The 432 Park Avenue building (photo credit: Wikimedia Commons)
The 432 Park Avenue building
(photo credit: Wikimedia Commons)
New York real estate mogul Harry Macklowe has erected a photograph of himself and Patricia Landeau, his new wife and the president of the French Friends of the Israel Museum on one of the tallest residential buildings in the Western Hemisphere as a “proclamation of love,” according to a report by the New York Times.
The photos measure 24 feet wide and 42 feet high.
Macklowe, 81, was remarried last Thursday after a contentious divorce. He told the Times that he had bid $2,000 at a charity auction for photographs by Studio Harcourt in Paris and he loved what the company took. So, he decided to show them off.

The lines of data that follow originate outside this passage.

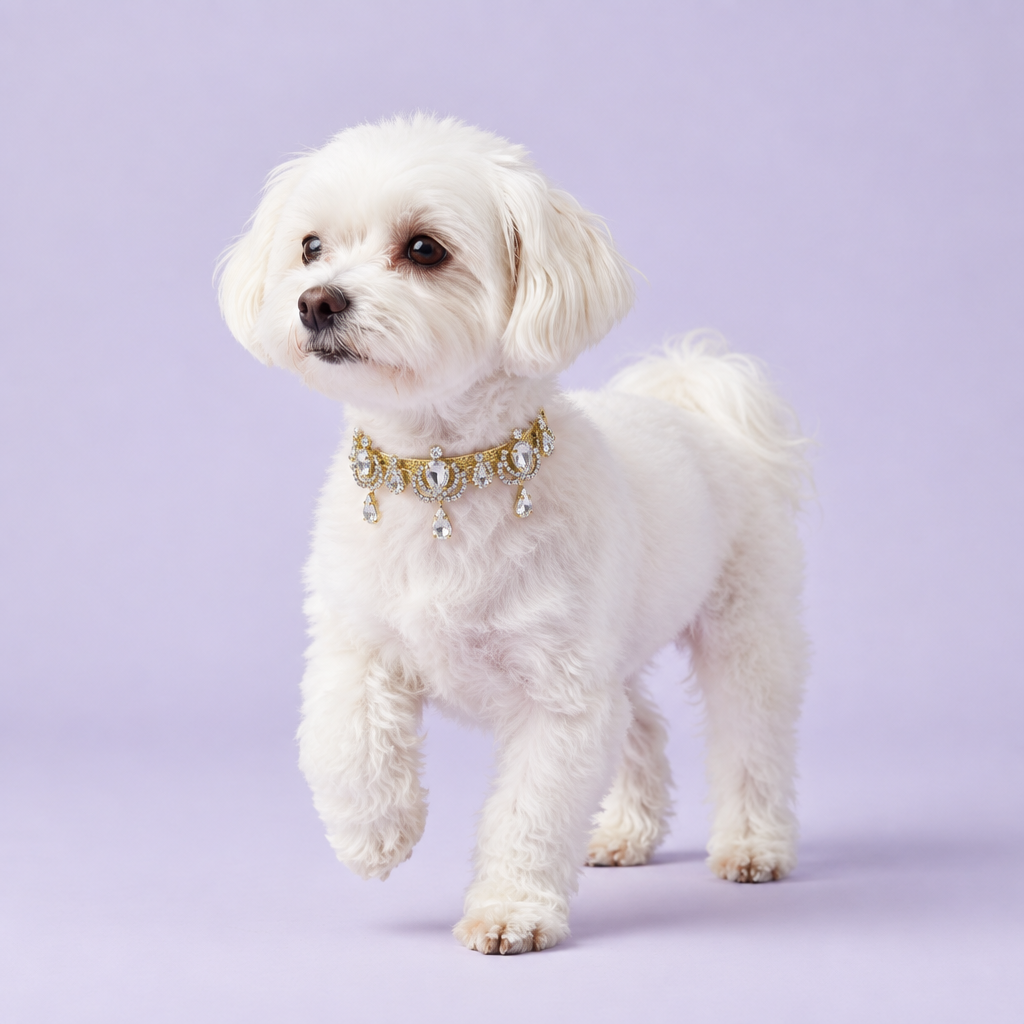 White Maltese sitting in a three-quarter pose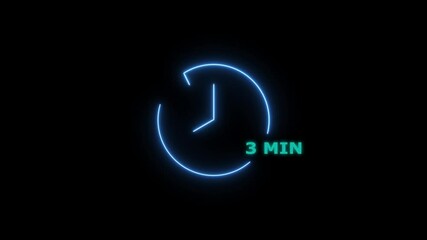 3 minute countdown timer Animation. analog neon clock icon animation . black background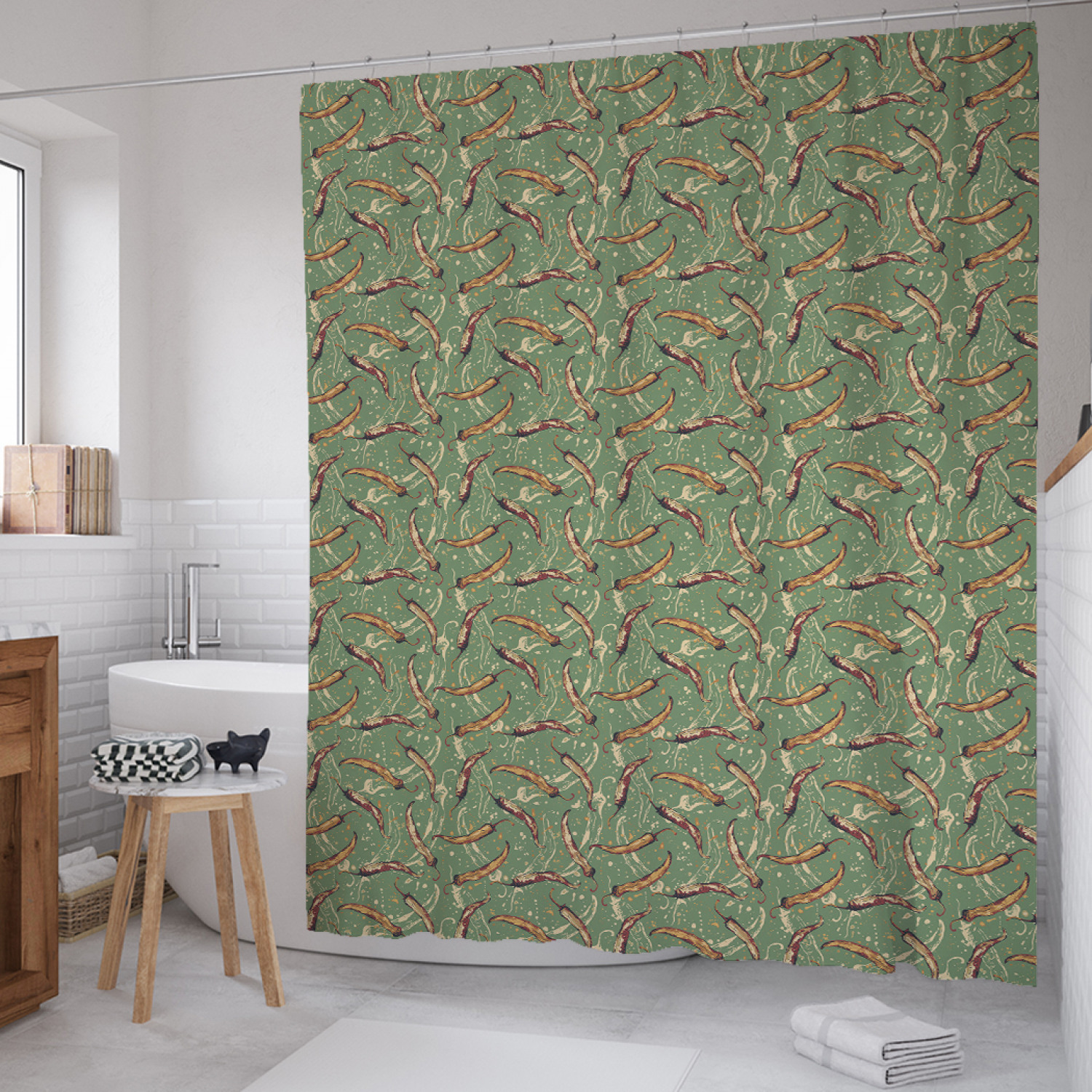 

Штора для ванной JoyArty "Сухой перец чили" из сатена, 180х200 см с крючками, Зеленый, Сухой перец чили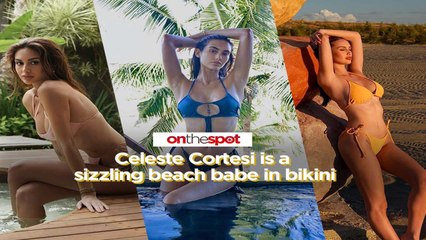 On the Spot: Celeste Cortesi is a sizzling beach babe in bikini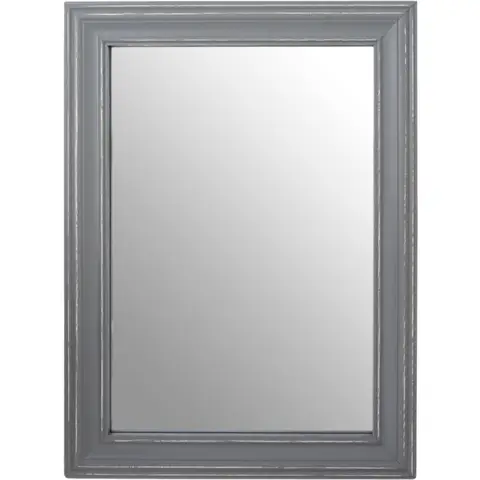 Interiors by Premier Wall Mirror Henley Bevelled Frame Grey 48x65cm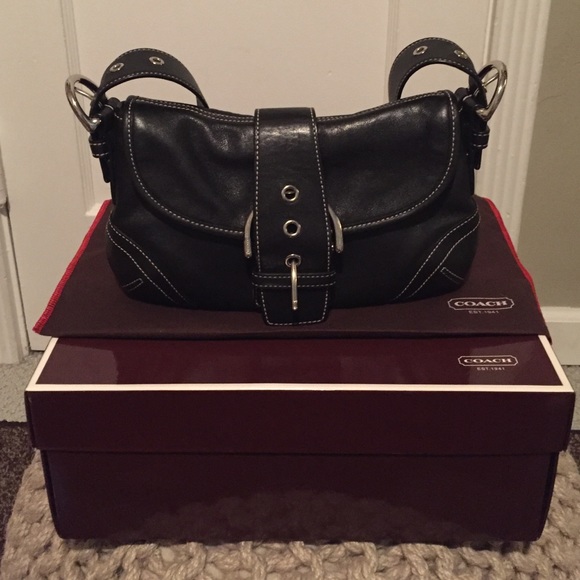 Small Leather Black Coach Habdbag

“I own a building,” he said. “Why don’t I just hang a banner from my own building?”
The images are now hanging on the corner of 432 Park Avenue, facing the northwest corner of Park Avenue and East 56th Street.
The irony is that, according to the Times, the first Mrs. Macklowe - Linda - had a contract to buy the apartment on the 78th floor of the 432 Park Avenue building, but the court permitted her to exit the deal. Instead, she was awarded the couple’s condominium in the Plaza Hotel, created by joining seven apartments they bought in 2008 and valued by the court at $72 million. Macklowe received a $36 million credit on it.
“Macklowe told the Times that some of his male friends had told him their wives now wanted the big-picture treatment. 
“I got an email from a neighbor from across the street who said, ‘I want my husband to do this for me for Valentine’s Day,’” he said.